If I didn’t already know it, I soon learned that ten-year-old boys are like dynamos of wonder. They’re curious; they see things with innocent delight —most have not yet acquired the hard-edged “attitude” that comes with adolescence.

       The kids understood, almost instinctively, 
       the nature of water.


That summer still ranks as one of my lifetime favorites. I became part of a wonderful, generations-old tradition for campers’ families—most of them from west-suburban Boston suburbs like Newton, Waltham and Wellesley. Many of the boys were carrying on an O-At-Ka legacy handed down from their fathers and grandfathers.

It was an opportunity for me to learn about leadership and collegiality, to immerse myself in life in the out-of-doors and, I suppose, to test my native parenting wings.

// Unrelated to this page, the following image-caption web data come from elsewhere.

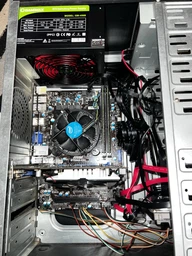 Блок питания Gamemax GM-500B фото от покупателей 2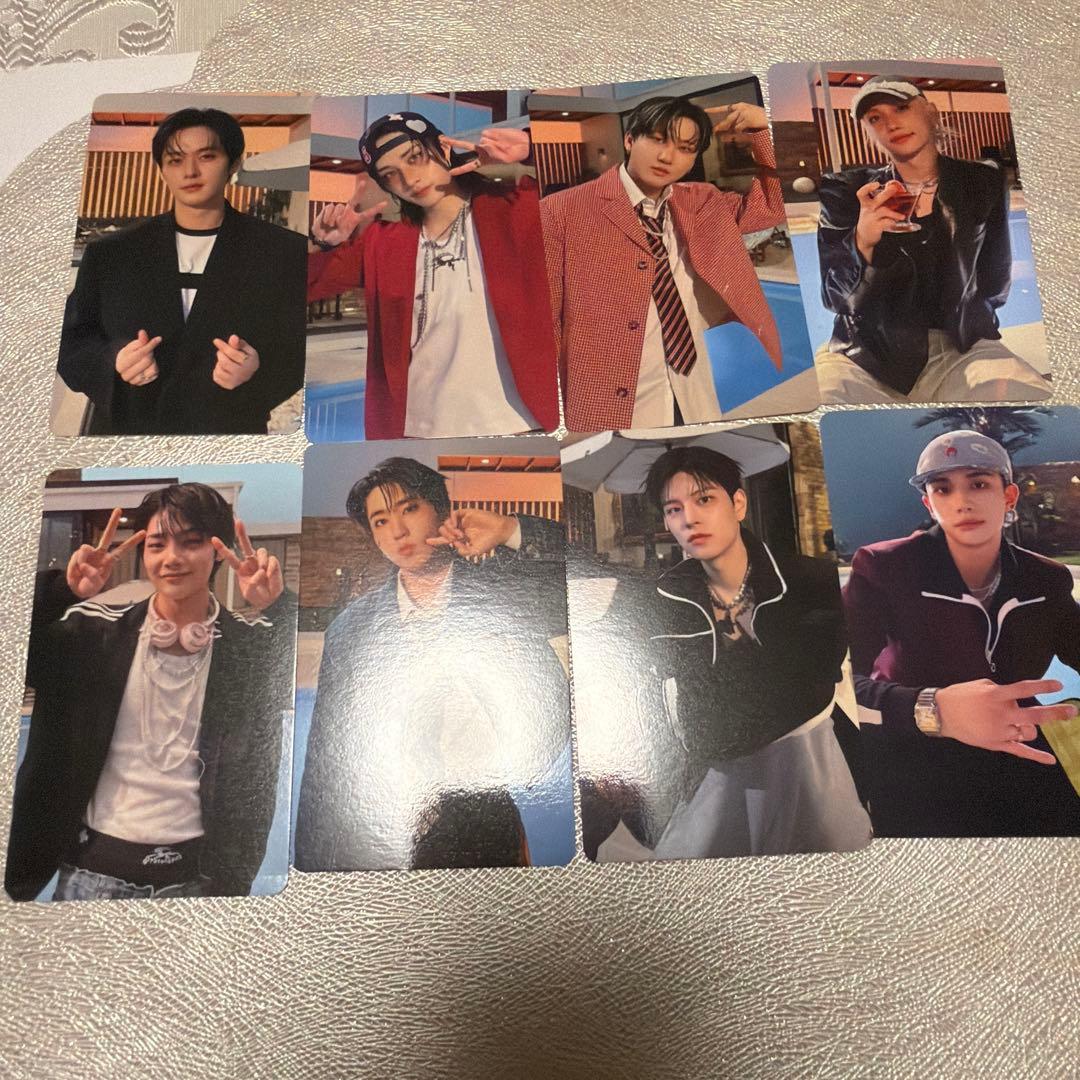 M!LK 佐野勇斗 スタトレ トレカ ソロコンプ 4枚セット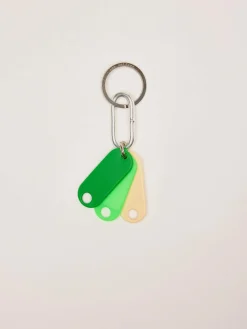 INA SEIFART Etiketten Keyholder
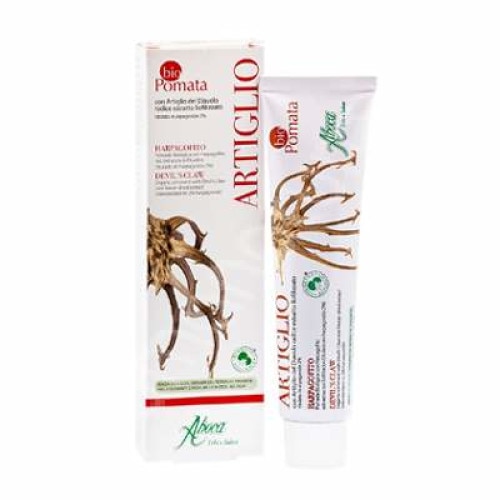 Artiglio del diavolo (Gheara diavolului) crema 50 ml antireumatic inflamator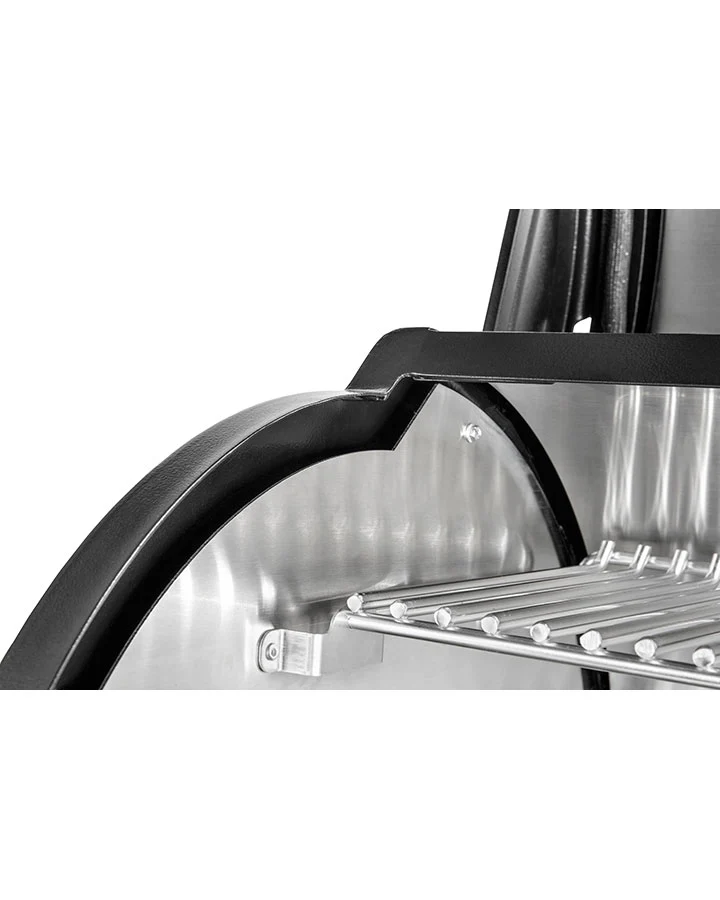 Traeger Timberline 850 Black Wood Pellet Grill - Image 7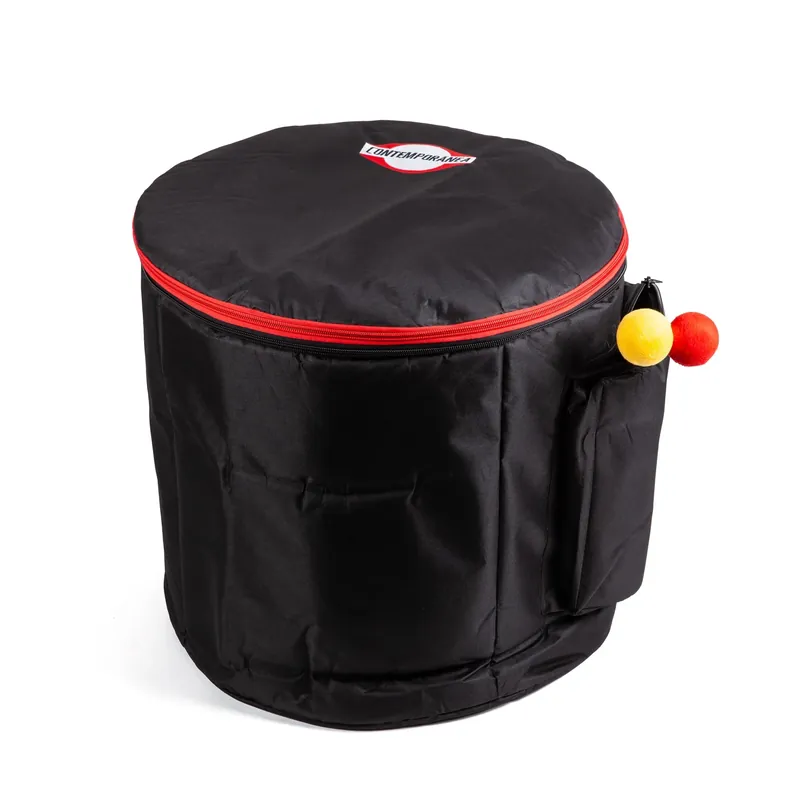 Dernier Modèle Housse Surdo Contemporanea 20" X 50Cm - Sac A Dos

And then there was the heady feeling of being idolized by a bunch of boys who believed I could do no wrong.


IN MY ELEMENT
Along with my high-school-age junior counselor, I led my eight campers in the typical summer camp fare: sports competition, boating, sailing, crafting, and performing songs and silly skits. There was also a spiritual component reflecting the camp’s Episcopal Church heritage.

My favorite part, though, was the camp’s embrace of Nature and all the opportunities for exploration and adventure. This was my element, a place where
I knew I could share my wilderness canoeing experience and my gifts for observation, curiosity and spiritual reflection.

In two summers at O-At-Ka I led both canoeing and hiking trips to some of Northern New England’s most beautiful places: Maine’s Rangeley and Mooselookmeguntic lakes region, the Saco River and New Hampshire’s fabled White Mountains. I loved organizing and outfitting those trips, but even better was the thrill of getting out there in the wild, teaching the boys a few new tricks, and observing how the experiences affected them.

DIFFERENT STROKES

Some of my campers came with a bit of experience in canoeing, but none to the extent of that I’d acquired in my wilderness canoe trips in northern Minnesota. So it was fun teaching them various camping skills and demonstrating just how adeptly one can maneuver a canoe using the various paddle strokes.

    Thank God, the paddlers had been thrown 
    out...because the gunnels slammed together
    with enough force to sever a limb.


The kids understood, probably from playing with it, the nature of water and its ability, even though it’s a liquid, to push back when you force the blade of your paddle against it. They were quick studies. With a little practice, they were handling the basic strokes like old pros.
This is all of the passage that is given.